DeepLcom / deepl-php

Official PHP library for the DeepL language translation API.
MIT License
202 stars 23 forks source link

Incorrect translation with xml tags #49

Closed twarkie closed 2 months ago

twarkie commented 2 months ago

Hello! I'm seeing some strange translations when using the DeepL API with xml tags. The tags are just used to map the result back to the original text.

Here's a simple Swedish string that can be used to reproduce the problem: <x key="0">Köpesumma</x>. It should translate to Purchase amount.

$this->client = new \DeepL\Translator(config('services.deepl.api.key'));

$translated = collect(
    $this->client->translateText(
        ['<x key="0">Köpesumma</x>'],
        'sv',
        'en-US',
        [
            TranslateTextOptions::TAG_HANDLING => 'xml',
            TranslateTextOptions::PRESERVE_FORMATTING => false,
            TranslateTextOptions::FORMALITY => 'prefer_less',
        ]
    )
)

After looking through the code I found that the following form data was generated for cURL: target_lang=en-US&source_lang=sv&formality=prefer_less&text=%3Cx+key%3D%220%22%3EKopesumma%3C%2Fx%3E&preserve_formatting=0&tag_handling=xml

And the following response was returned via the library:

{
    "translations": [
        {
            "detected_source_language": "SV",
            "text": "<x+key=\"0\">Copayment</x>"
        }
    ]
}

...which is incorrect! If I manually call the API and use JSON to post the data, it works as expected:

Input:

{
  "text": [
    "<x key=\"0\">Köpesumma</x>"
  ],
  "target_lang": "en-US",
    "source_lang": "sv",
    "formality": "prefer_less",
    "preserve_formatting": false,
    "tag_handling": "xml"
}

Response:

{
    "translations": [
        {
            "detected_source_language": "SV",
            "text": "<x key=\"0\">Purchase price</x>"
        }
    ]
}

...which is correct! I'm not sure if there is a problem with the library or if I'm using it incorrectly?

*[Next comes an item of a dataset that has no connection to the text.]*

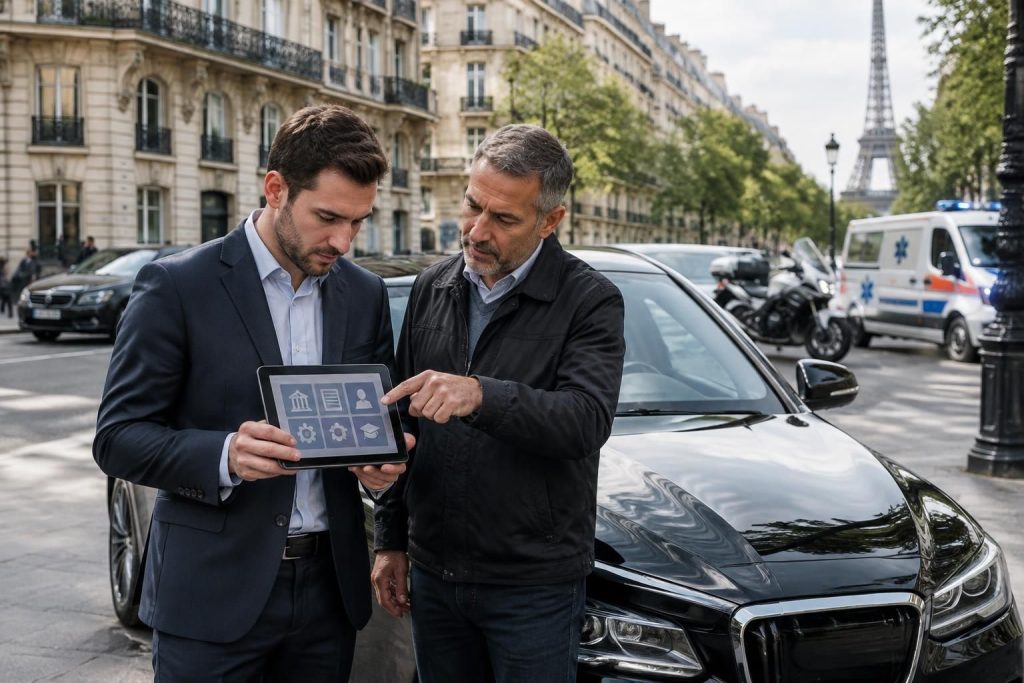 Formation taxi à Paris G7 : prix, moto, ambulancier et options CPF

JanEbbing commented 2 months ago

Hm, if I var_dump the output of your code I get the correct result:

array(1) {
  [0]=>
  object(DeepL\TextResult)#19 (2) {
    ["text"]=>
    string(29) "<x key="0">Purchase price</x>"
    ["detectedSourceLang"]=>
    string(2) "sv"
  }
}

Looking at what you posted, the issue seems to be in your curl client: target_lang=en-US&source_lang=sv&formality=prefer_less&text=%3Cx+key%3D%220%22%3EKopesumma%3C%2Fx%3E&preserve_formatting=0&tag_handling=xml is lacking the ö in Köpesumma, and instead has an o. This should be correctly URL-encoded in HttpClientWrapper::urlEncodeWithRepeatedParams, but I'm not sure what would cause this to differ on your machine (Translating Kopesumma gives me Copayment as well). Can you install a different HTTP Client (eg Guzzle) and configure the translator to use that instead and try with that? It is described in the README.

twarkie commented 2 months ago

Very nice catch @JanEbbing! I will take a look to see why that happens. I do get different results on different machines but now I know where to look. Thanks.